1. поскольку асусы хронически страдают недоношенными прошивками, то есть смысл поставить dd-wrt или Томато-прошивку. Первая приводила в чувства 90% всех роутеров на моем веку. Дома тренднет 652 на дд-врт работает на ура, даже сосед 3-мя этажами выше умудряется коннектится ко мне для игры по сети через вафлю. На стандартной прошивке связь терялась даже в сортире с ноутом. Томато - многие ставили - довольны остались. я не ставил сам.
2. если все таки надеяться на асусовскую прошивку, то последним способом может быть установка в параметрах ван скорость вручную.
3. сдать его на хрен по гарантии (при условии что он всегда и на всех провайдерах так режет скорость а не только у тебя) и купить старый добрый д-линк 320 или 615

на моем опыте не встречал еще ни одного человека кто был бы доволен стандартными асусовскими прошивками на одноименных роутерах. у самого  с тренднет 652брп версии 1.х на дд-врт в паре со свистком асус усб н13 (альтернативные дрова) скорость по вафле максимальная 6,4 (16 метров от роутера, квартира). на стандартной прошивке роутера и асусовских дровах максимум 2,7.
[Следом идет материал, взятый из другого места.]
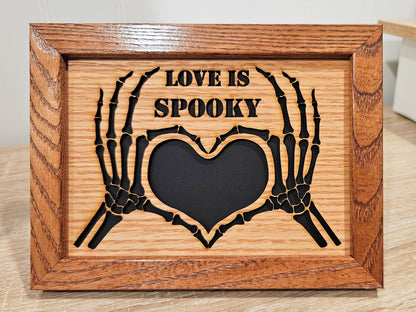5x7 Love Is Spooky Skeleton Heart Hands Picture Frame with 2 1/4" x 2 7/8" opening for Photo - First Halloween - Halloween Decor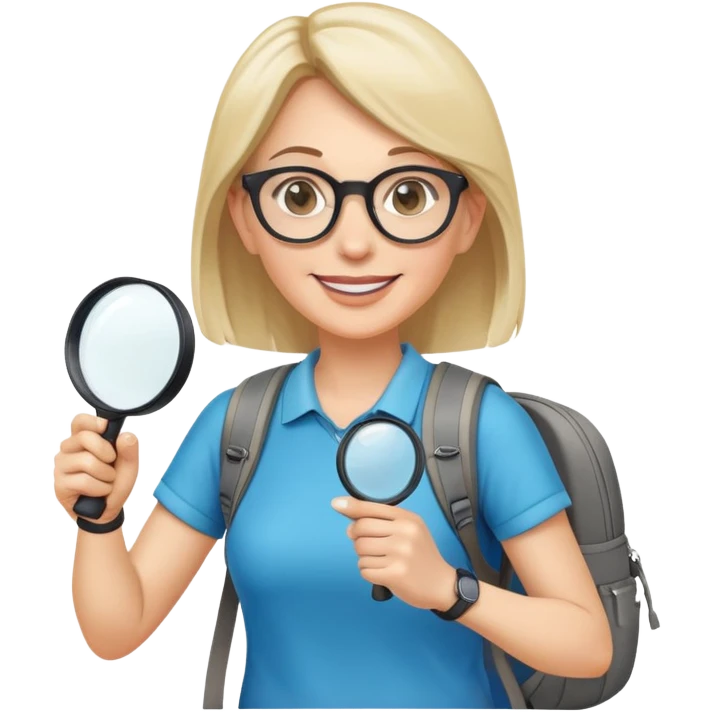 Happy woman in her 40s with glasses, sporty outfit, backpack, holding only one magnifying glass in one hand emoji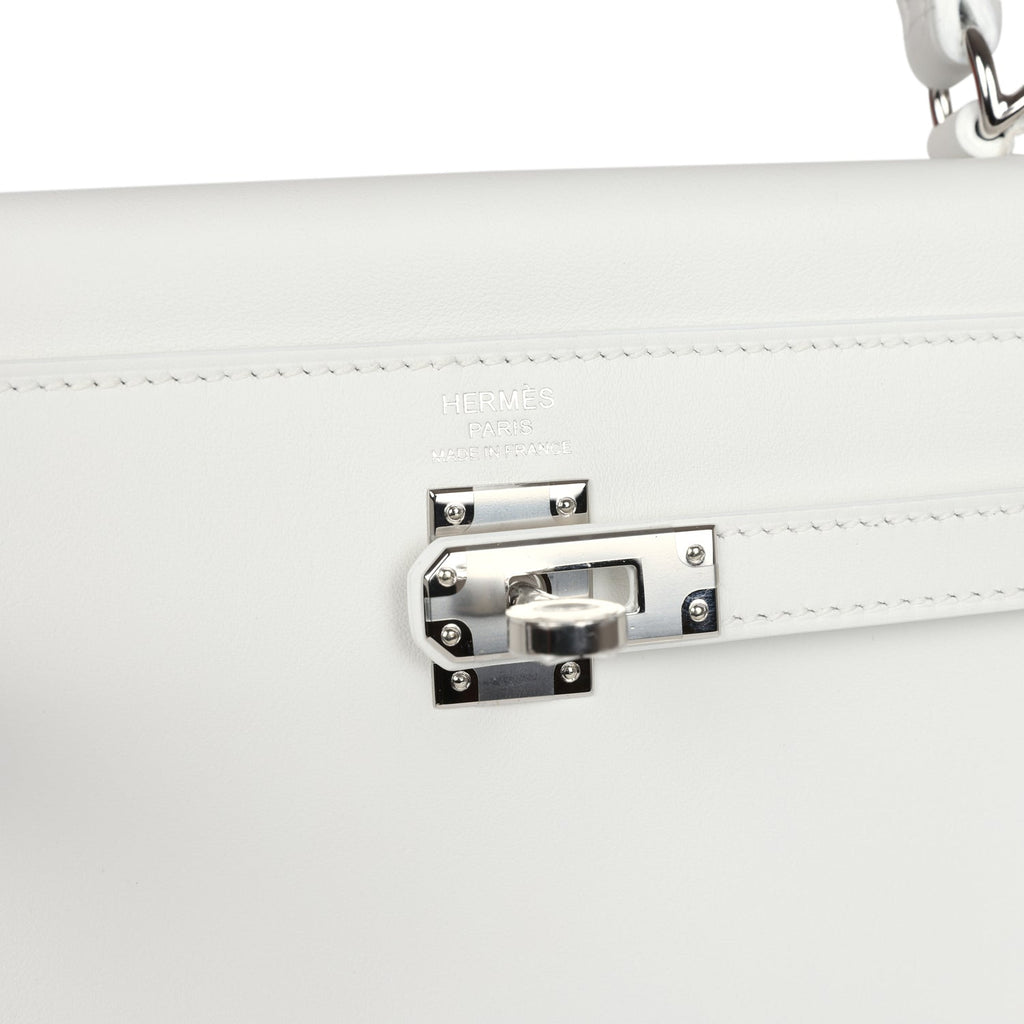 Hermes Kelly Retourne 25 New White Swift Palladium Hardware - Exclusu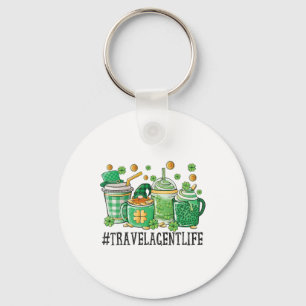 Reisebüro St. Patricks Tag Kaffee Liebhaber Shamro Schlüsselanhänger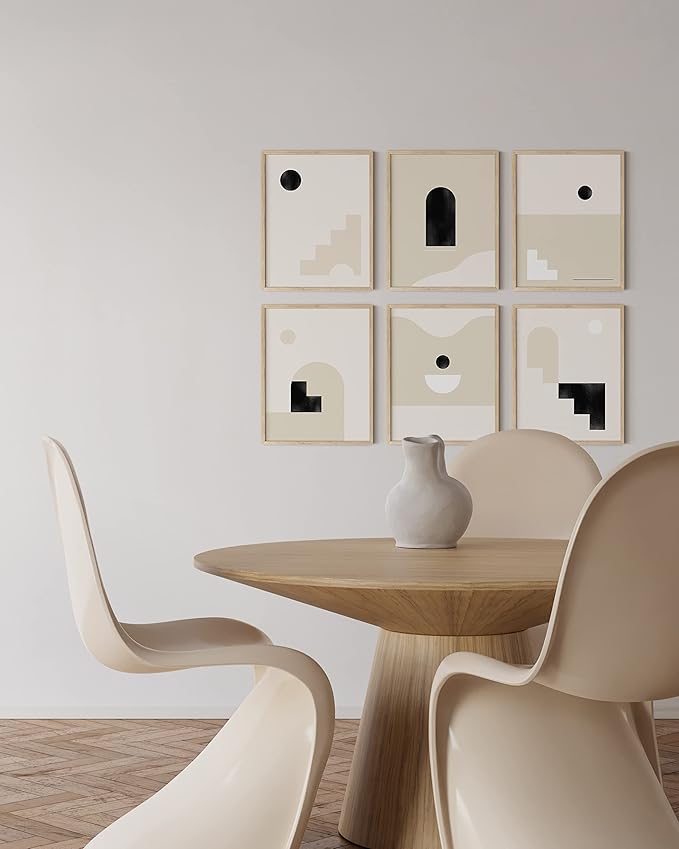 HAUS AND HUES Boho Prints Neutral Wall Art - Set of 6 Boho Posters, Mid Century Modern Wall Décor, Modern Bohemian Art Prints (Beige Framed, 8x10)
_Добавлено через 1 минуту 22 секунды_
кстати, может сама витая пара перебита или плохо обжата... проверь тестером кабель на входе-выходе

----------


## dizel225

свой кабель от щитка до компа без нареканий, провайдер лечит, что это вирус гонит он собака. Альтернативные прошивки пробовал не катит вот и угадай в чем прикол, а за советы спасибо.

----------


## shibaldan

подключи к роутеру 2 компа. и попробуй передать с одного компа на другой файл весом в 1гб. посмотри какова будет скорость этой передачи. если скорость будет около 6-10 (для вайфай N), то с роутером все впорядке. если будет висеть на отметке 1, то это определенно роутер, поскольку даже в режиме G скорость меньше 2,7 быть не должна. Протокол шифрования используй WPA-2 AES

----------


## dizel225

попробую как сделаю напишу что получилось

----------